L’impressione è che ci siano molti siti del genere e che denunciare non basti.
«Purtroppo le denunce spesso cadono nel vuoto, anche perché è difficile risalire ai responsabili che cambiano identità digitale e Paese. E quando si arriva a denunciare, il danno è già fatto, ma bisogna comunque farlo. Non possiamo accettare che il web resti un far west dove tutto è consentito e nessuno paga mai».
I controlli online andrebbero potenziati?
«Certo, ma non è possibile un monitoraggio continuo. I siti si moltiplicano, chiudono e riaprono altrove. Negli ultimi anni le forze dell’ordine hanno fatto passi avanti, ma serve di più. Una nostra proposta è obbligare gli utenti a indicare la propria identità: se i “consumatori” di certe immagini fossero riconoscibili e sanzionabili, ci penserebbero due volte».
È possibile educare questi uomini a non servirsi di siti del genere?
«Uomini e donne, perché il problema non è a senso unico. Ma è un fatto che la maggioranza delle vittime, purtroppo, sono donne, mentre chi sfrutta o diffonde queste immagini sono quasi sempre uomini. E ha ragione Francesca Barra (che ha denunciato l’ultimo caso, ndr) a dire che serve un’alleanza culturale tra uomini e donne, fondata sul rispetto reciproco. Perché le sanzioni servono, ma da sole non bastano».
Serve un’educazione al rispetto fin da bambini?

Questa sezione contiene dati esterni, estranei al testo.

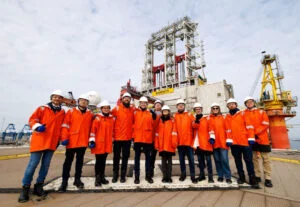 România e total independentă energetic față de Rusia. Explicația ministrului Burduja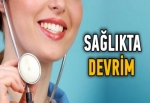 Sağlıkta devrim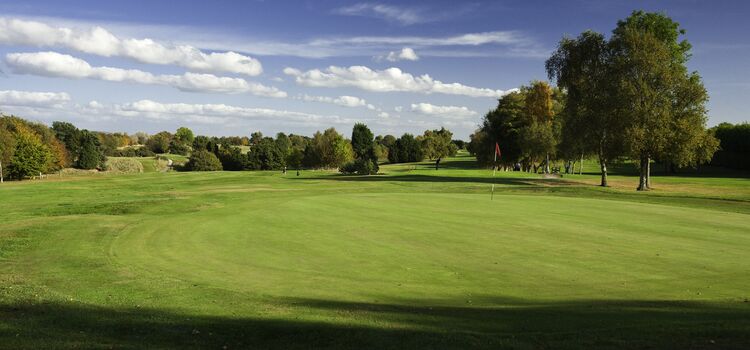 Wrexham Golf Club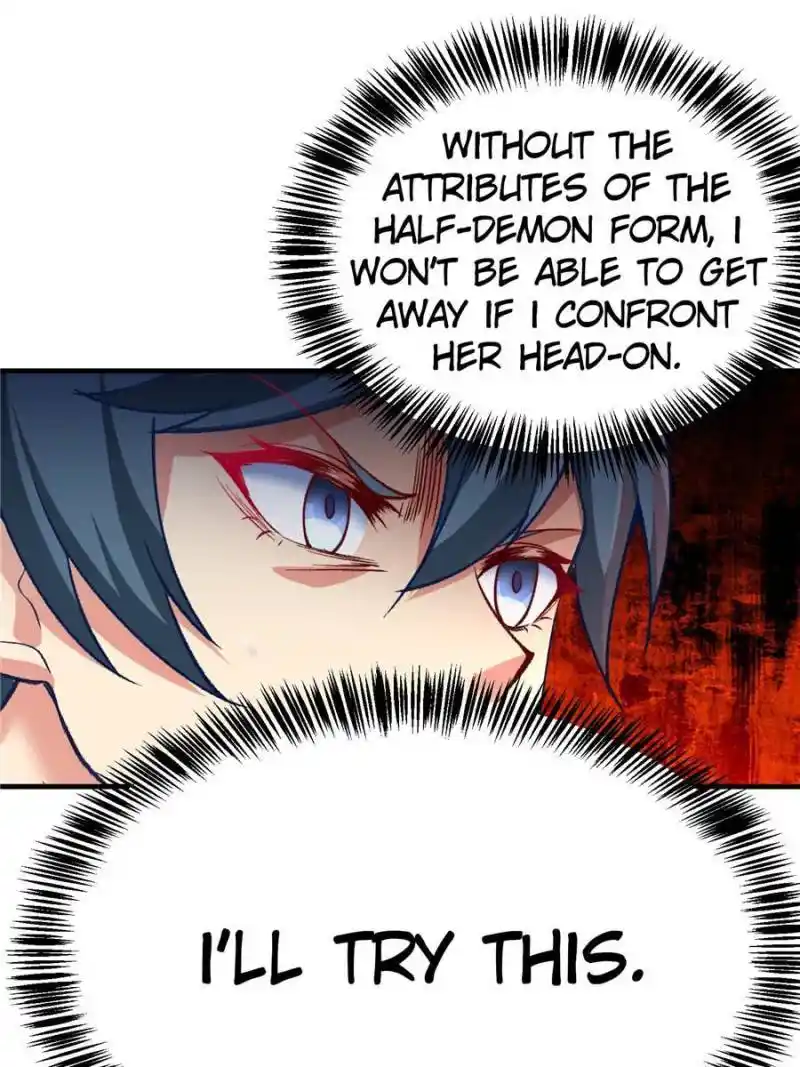 I Picked Up An Attribute Chapter 203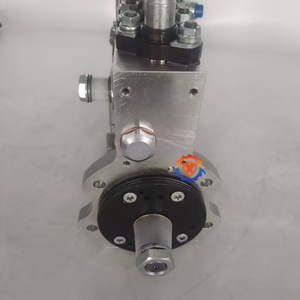 Pompe d'injection de moteur diesel OEM neuve 6CT 6CT8.3 3973900 pour pièces d'excavateur - Product Image 2
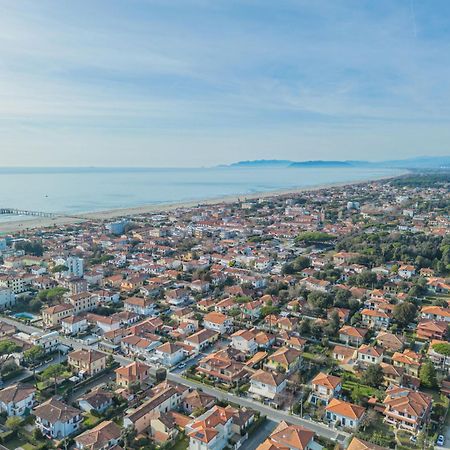 Holiday Home Donatella By Interhome Marina di Pietrasanta Exterior foto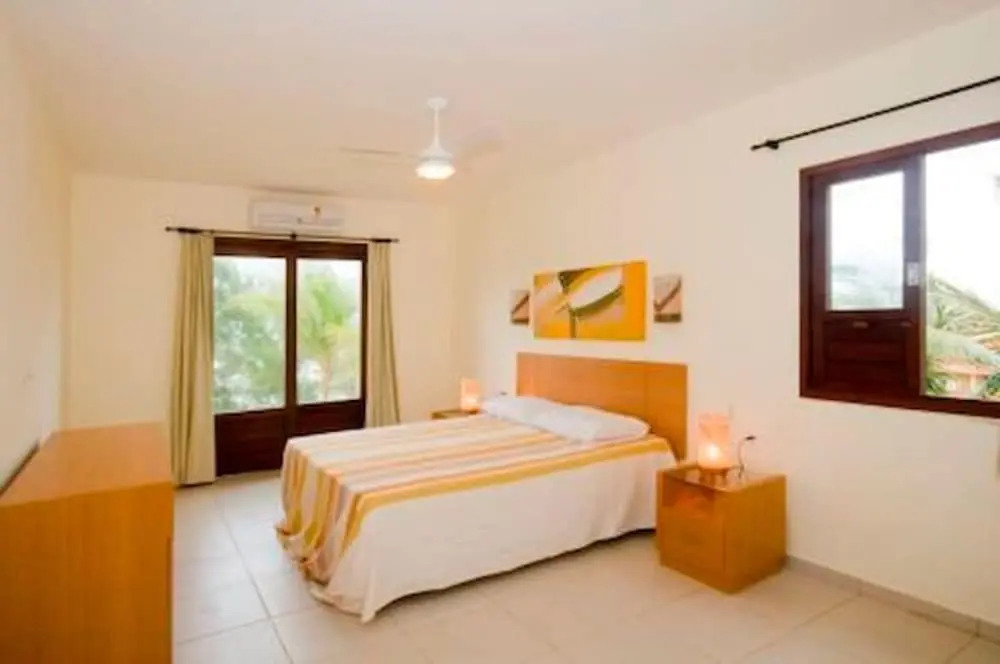 Condomínio Residencial Praia de Zumbi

«Si parte dalla famiglia, ma serve una società intera che educhi al rispetto dell’altro e a un rapporto sano con il corpo. Di certo la scuola è centrale, ma non si può delegarle tutto. E anche i media devono fare la loro parte. Trovo gravi i passi indietro di governo e maggioranza sul divieto di pubblicità sessiste e sull’educazione affettiva. Sono segnali preoccupanti».
C’è una sensibilità politica sufficiente?

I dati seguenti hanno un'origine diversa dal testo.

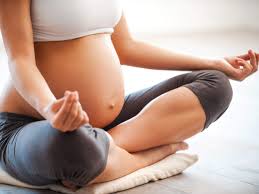 joint pain during pregnancy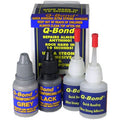 Kit Reparación Plásticos Q-Bond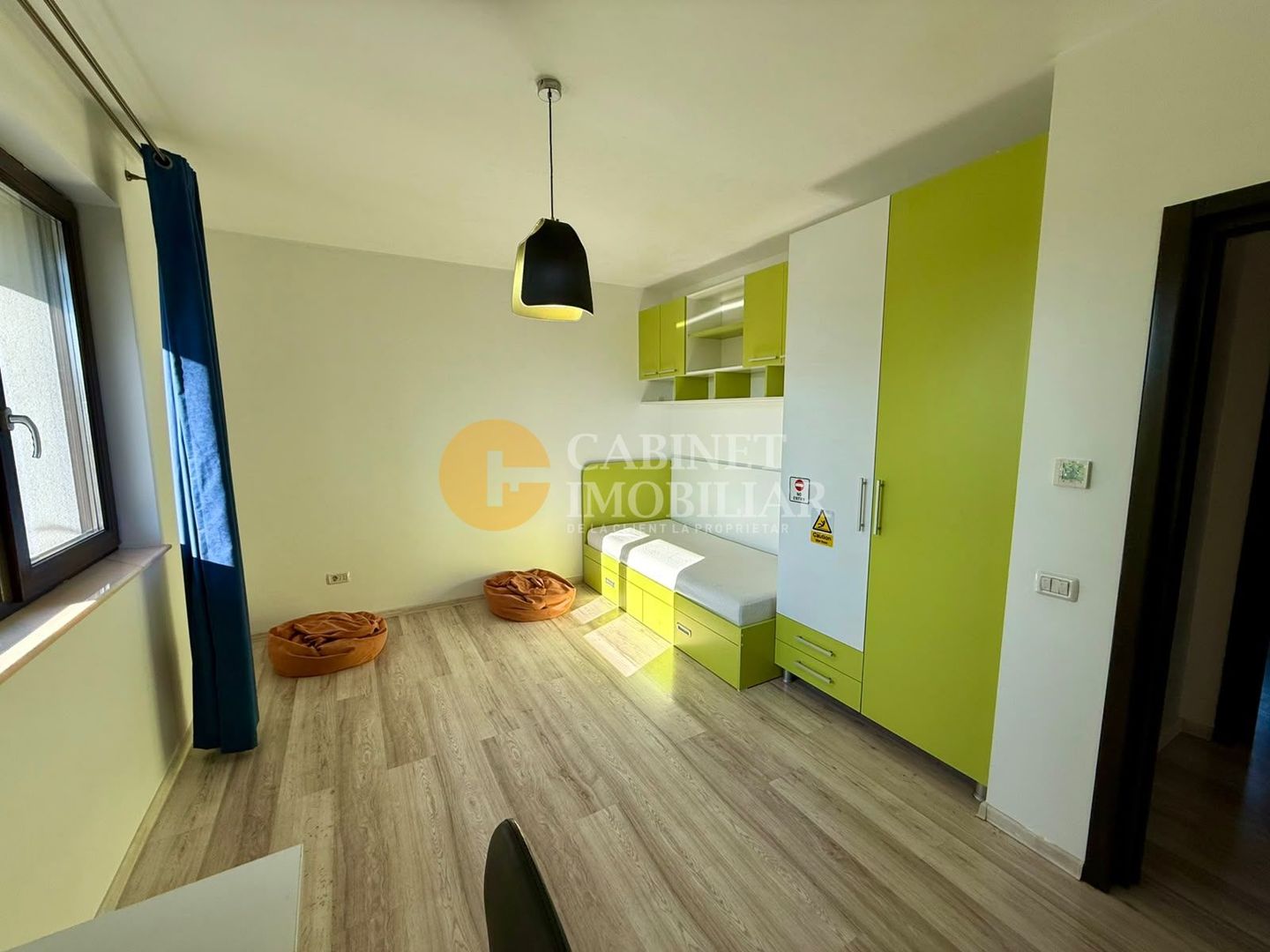 CASA 5 CAMERE--2 BAI--800MP TEREN-- LIBERA - Poză 10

«Giorgia Meloni, da presidente del Consiglio, da donna e da madre, dovrebbe promuovere un impegno comune su questi temi. Noi ci siamo e continueremo a proporlo in Parlamento. Vicende come questa tolgono ogni alibi: chi resta in silenzio è complice. Perché chiunque di noi, qualsiasi nostra figlia, potrebbe essere la prossima. E nessuna deve essere lasciata sola».